Because Keynes’ theories focused on boosting *aggregate* demand–as a temporary aid to *business* that was facing poor prospects.
The historical evidence is that a growing and vibrant private sector created a strong middle class, not the reverse. A famous example being Henry Ford’s offering much higher wages than any of his competitors, figuring that the more affluent his workers were, the more likely they could buy more Ford products.
Who said anything about Keynes?
Hanauer claims that a healthy middle class creates a vibrant private sector. You say it’s the reverse. Hanauer explains that no business will hire more people until they see increased demand. This is pretty intuitive. You seem to be saying that businesses need to hire before they see increased demand for their products and services. Then, this increased employment creates more demand. That seems backwards.
I, too, admire Henry Ford’s philosophy. There are a handful of companies today that seem to share his belief. Unfortunately, most don’t. They view employees as expenses, which must be minimized. That’s great for corporate profits and executive compensation – but not for the economy as a whole, IMO.
Since 1980, productivity has gone up around 80%, the number of two-income households has gone up significantly, and the average worker puts in more hours per week. Logically, you would expect most people to be doing much better financially than in 1980, right?

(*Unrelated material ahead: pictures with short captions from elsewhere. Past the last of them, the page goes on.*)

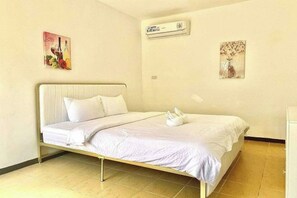 A single-bed room with a metal frame, white bedding, an air conditioning unit, and two wall-mounted artworks. - Dolphin Bay Resort Puerto Galera (Abra de Ilog)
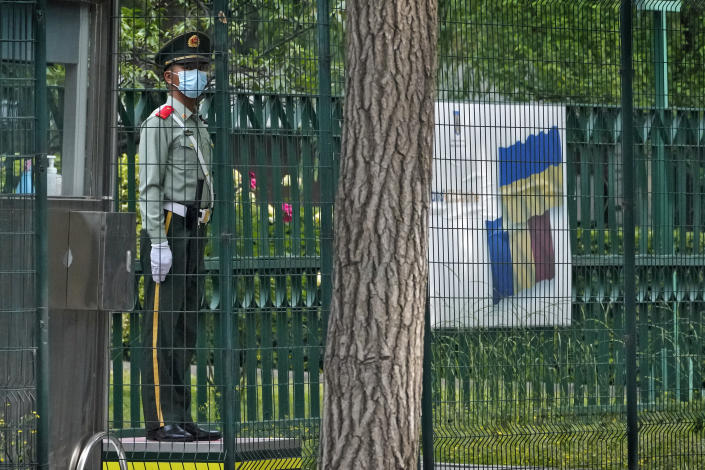 A paramilitary policeman stands guard near a billboard showing a support for Ukraine on display in between fences at the Romania Embassy in Beijing, Thursday, May 17, 2023. Embassies in Beijing have been asked by the Chinese government to avoid displaying propaganda after some raised Ukrainian flags or set up placards declaring support for Ukraine. (AP Photo/Andy Wong)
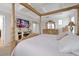 Spacious main bedroom, features a large bed, TV and fireplace at 1106 Woods Landing Dr, Minneola, FL 34715
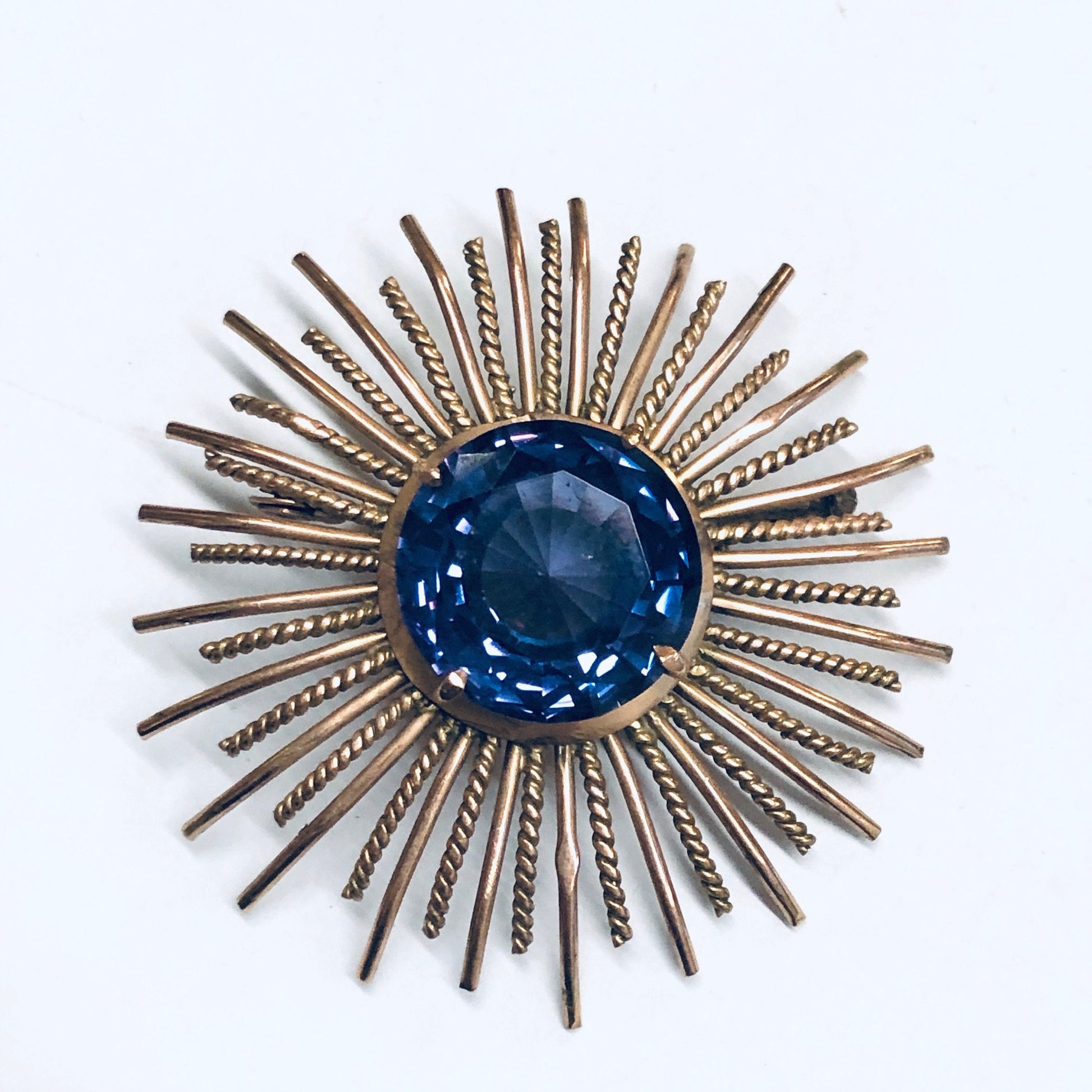 Vintage sunburst brooch with a round blue alexandrite gemstone center, surrounded by radial rose gold bars, creating an elegant purple and blue antique pin or jewelry piece.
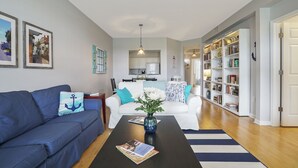 Un salon avec un canapé bleu, un canapé blanc, une table basse avec un livre, un vase de fleurs et une bibliothèque.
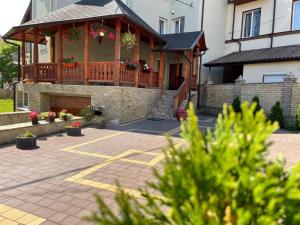 a house with a deck and a patio at Apartments Sonce in Truskavets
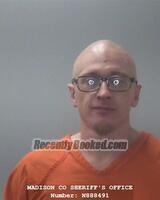 Booking photo from Madison County, Alabama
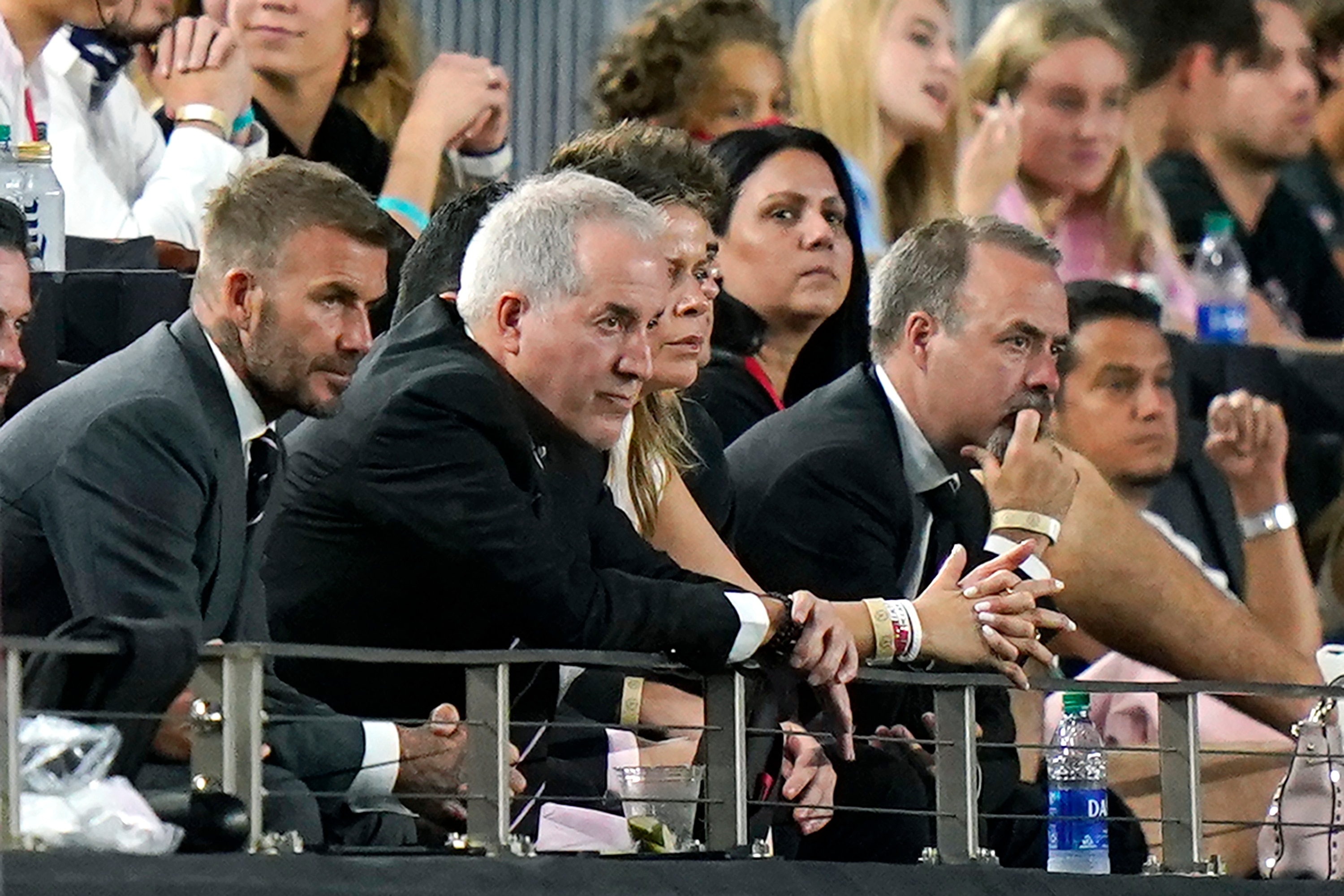 David Beckham, left, owner and president of soccer operations for Inter Miami, and Jorge Mas, second from left, managing owner, watch during the first half of the team's MLS soccer match against Montreal, Wednesday, May 12, 2021, in Fort Lauderdale, Fla. (AP Photo/Lynne Sladky)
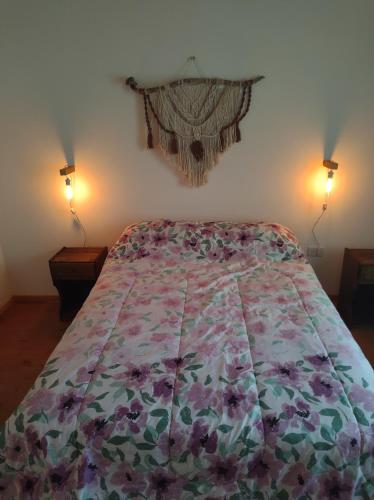 a bedroom with a bed with a floral bedspread at Alojamientos Rossi in Malargüe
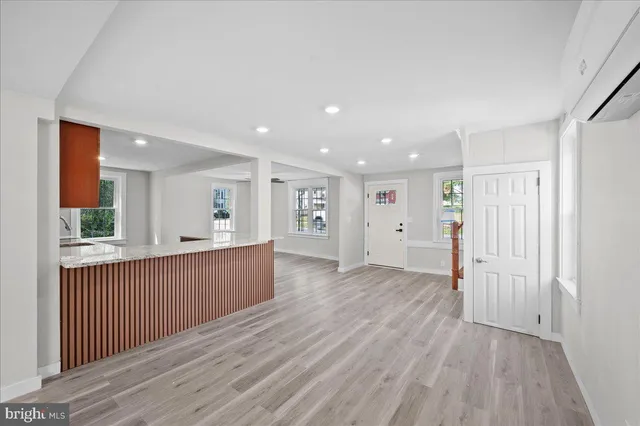 a view of a kitchen with wooden floor and windows
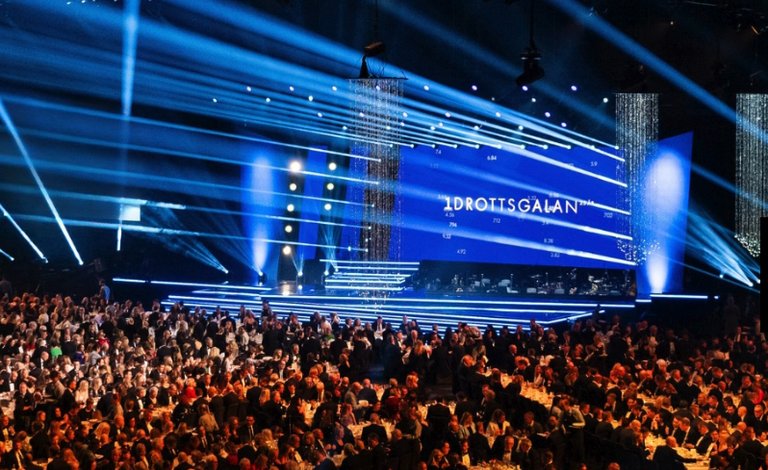 Seated gala dinner guests in front of a stage, and a screen with the word "Idrottsgalan" in white text on a blue background.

The problem is – even with all of those changes – household debt as a percent of income more than doubled. In 1980, the savings rate was 12%. By 2005, after steadily falling for 25 years, the savings rate went negative for the first time since the depression. These are clear signs of a middle class that hasn’t kept up with the economy.
On the other hand, since 1980, after-tax corporate profits are up a staggering 900% – even taking into account the recession. And as of 2007, real incomes for the top 1% were up 280%, while incomes for the bottom 20% were only up 16%. Thirty years of supply-side economics have proven conclusively – the wealth does not trickle down.